# .

# Bockstein homomorphism

In homological algebra, the **Bockstein homomorphism**, introduced by Bockstein (1942, 1943, 1958), is a connecting homomorphism associated with a short exact sequence

- 0 →
*P*→*Q*→*R*→ 0

of abelian groups, when they are introduced as coefficients into a chain complex *C*, and which appears in the homology groups as a homomorphism reducing degree by one,

- β:
*H*_{i}(*C*,*R*) →*H*_{i − 1}(*C*,*P*).

To be more precise, *C* should be a complex of free, or at least torsion-free, abelian groups, and the homology is of the complexes formed by tensor product with *C* (some flat module condition should enter).

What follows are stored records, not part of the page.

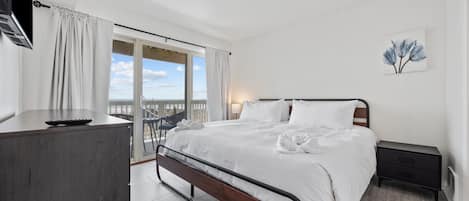 BĂŒgeleisen/BĂŒgelbrett, Reisekinderbett, kostenloses WLAN, BettwĂ€sche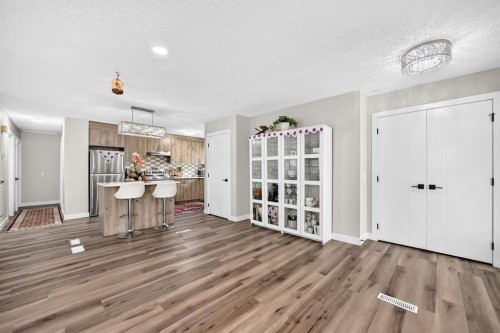 135 Whiteview Close Ne, Calgary, AB 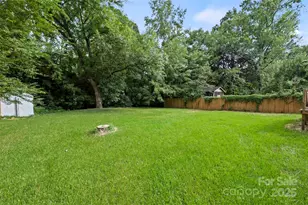 5442 Kinsale Ln, Charlotte, NC 28215 - Photo 20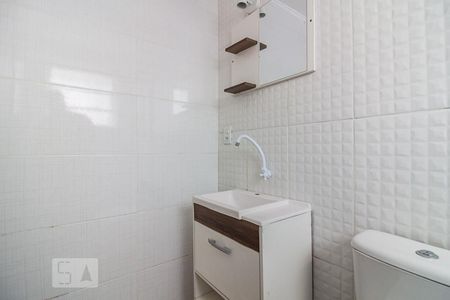 Banheiro de kitnet/studio para alugar com 1 quarto, 35m² em Partenon, Porto Alegre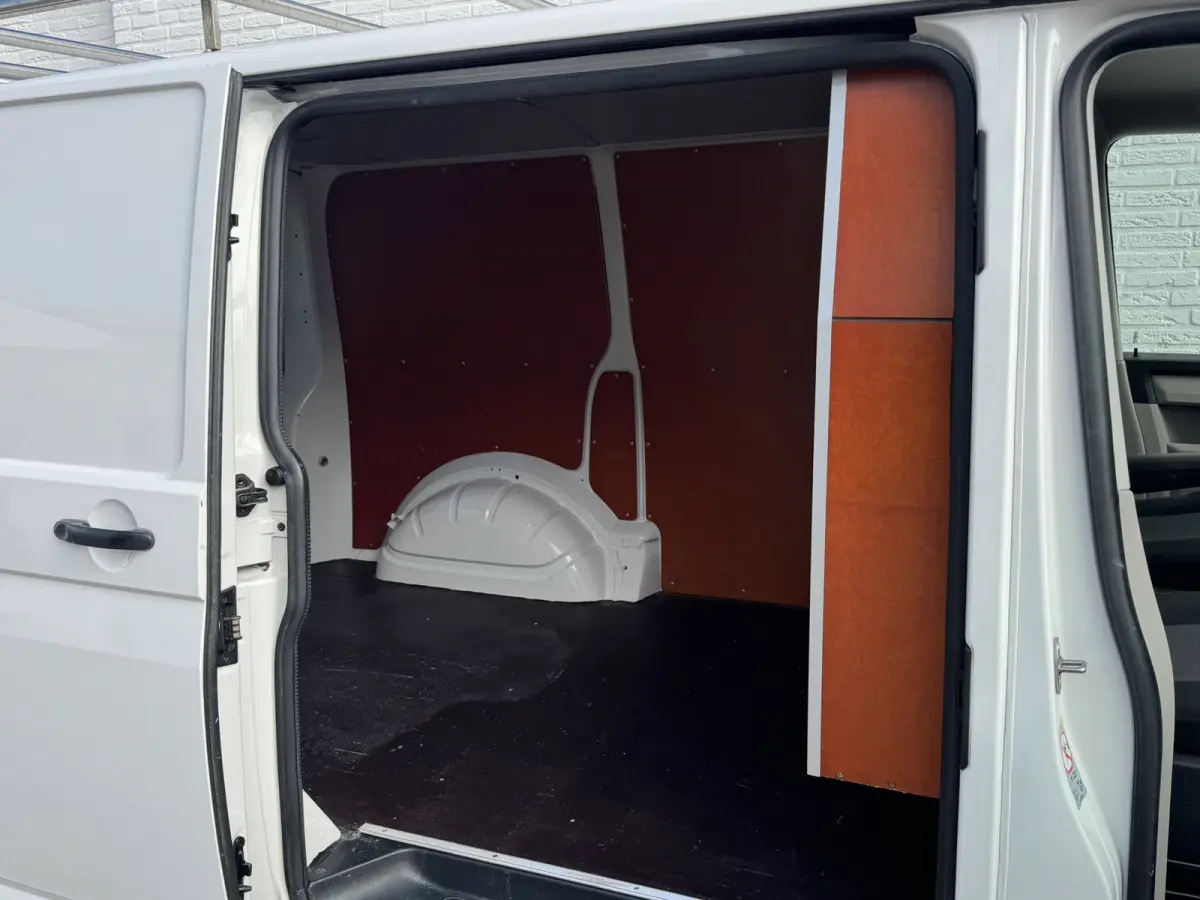 2.0 TDI L1H1 Airco Camera Trekhaak Imperiaal Laadruimte betimmering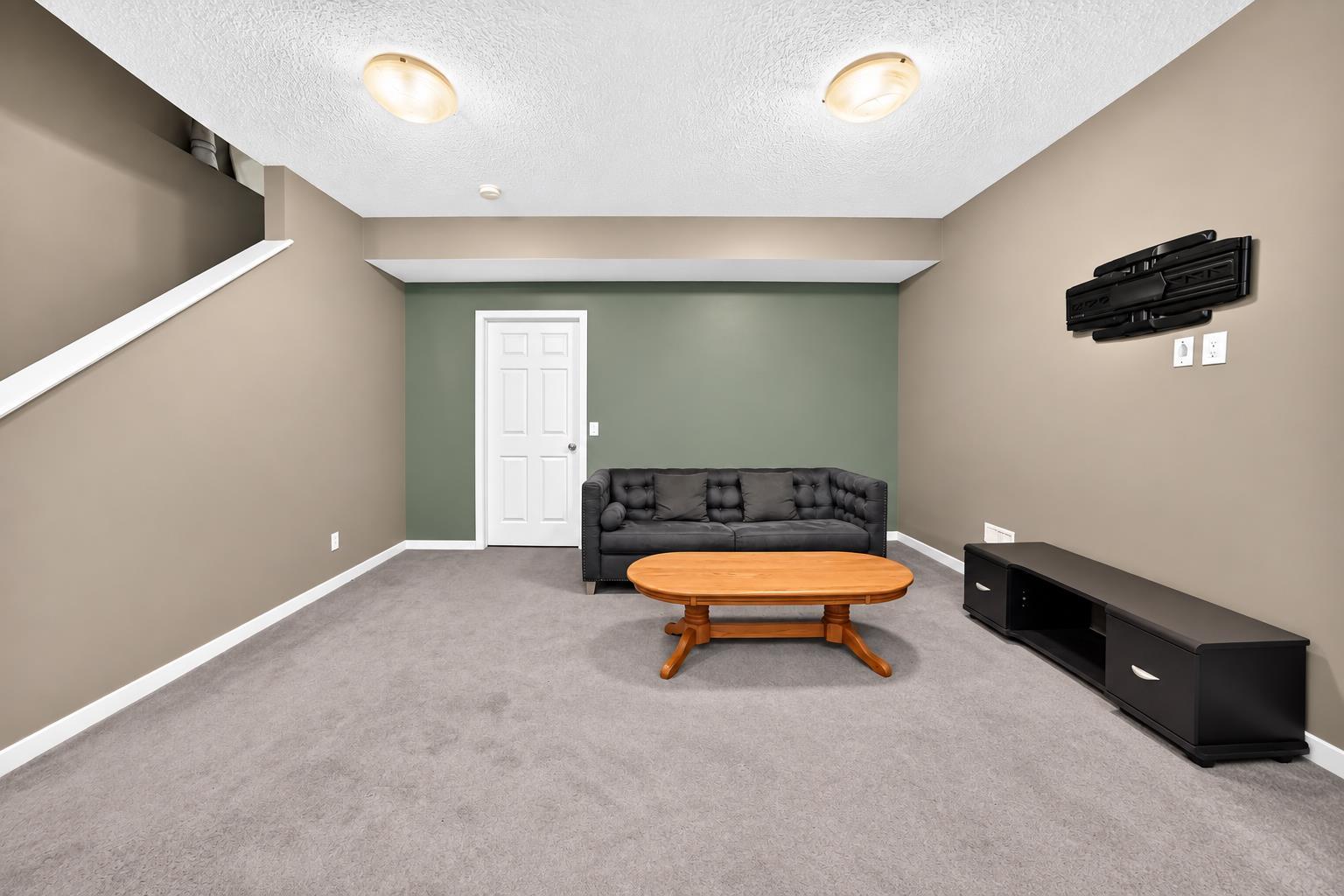 1046 New Brighton Park SE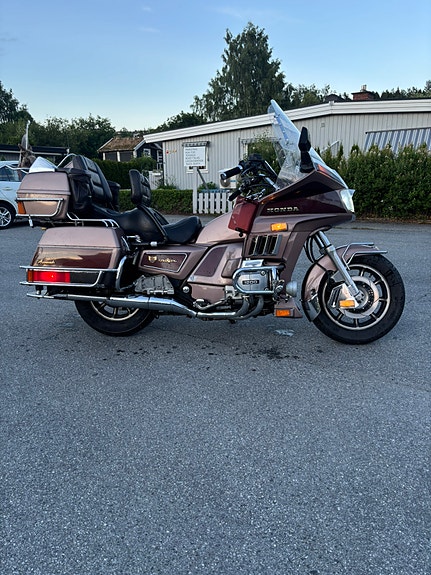 Honda GL 1200 Goldwing 4 of 5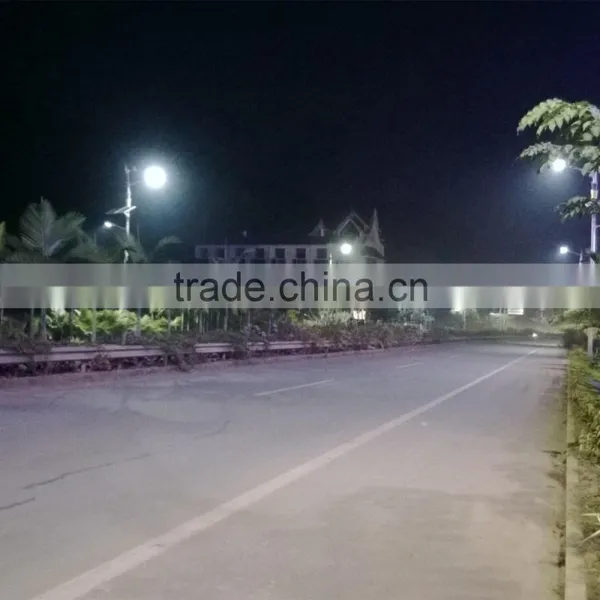 2015 New Design All in One 4m / 6m / 9m Price Solar Street Light photo-2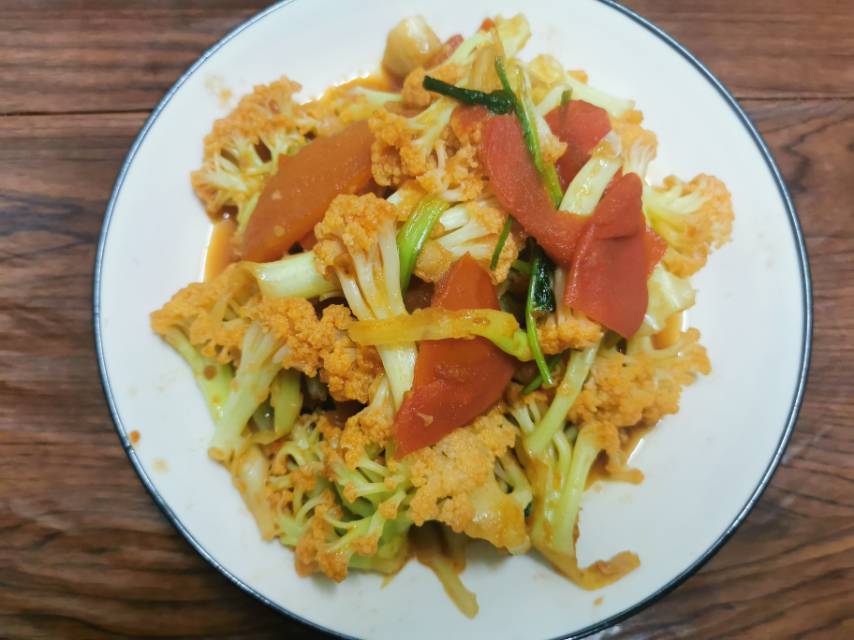 西红柿炒菜花（夏季开胃菜）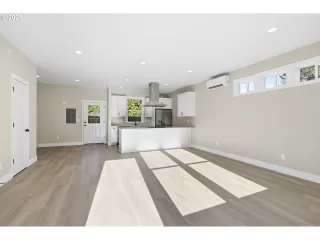 Photo #4: 640809894 Listing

The construction of β is by the usual argument (snake lemma).

A similar construction applies to cohomology groups, this time increasing degree by one. Thus we have

- β:
*H*^{i}(*C*,*R*) →*H*^{i + 1}(*C*,*P*).

The Bockstein homomorphism β of the coefficient sequence

- 0 →
**Z**/*p***Z**→**Z**/*p*^{2}**Z**→**Z**/*p***Z**→ 0

is used as one of the generators of the Steenrod algebra. This Bockstein homomorphism has the two properties

- ββ = 0 if
*p*>2 - β(a∪b) = β(a)∪b + (-1)
^{dim a}a∪β(b)

in other words it is a superderivation acting on the cohomology mod *p* of a space.

References

Bockstein, M. (1942), "Universal systems of ∇-homology rings", C. R. (Doklady) Acad. Sci. URSS (N.S.) 37: 243–245, MR 0008701

Bockstein, M. (1943), "A complete system of fields of coefficients for the ∇-homological dimension", C. R. (Doklady) Acad. Sci. URSS (N.S.) 38: 187–189, MR 0009115

Bockstein, Meyer (1958), "Sur la formule des coefficients universels pour les groupes d'homologie", Comptes Rendus de l'Académie des Sciences. Série I. Mathématique 247: 396–398, MR 0103918

Hatcher, Allen (2002), Algebraic Topology, Cambridge University Press, ISBN 978-0-521-79540-1, MR 1867354.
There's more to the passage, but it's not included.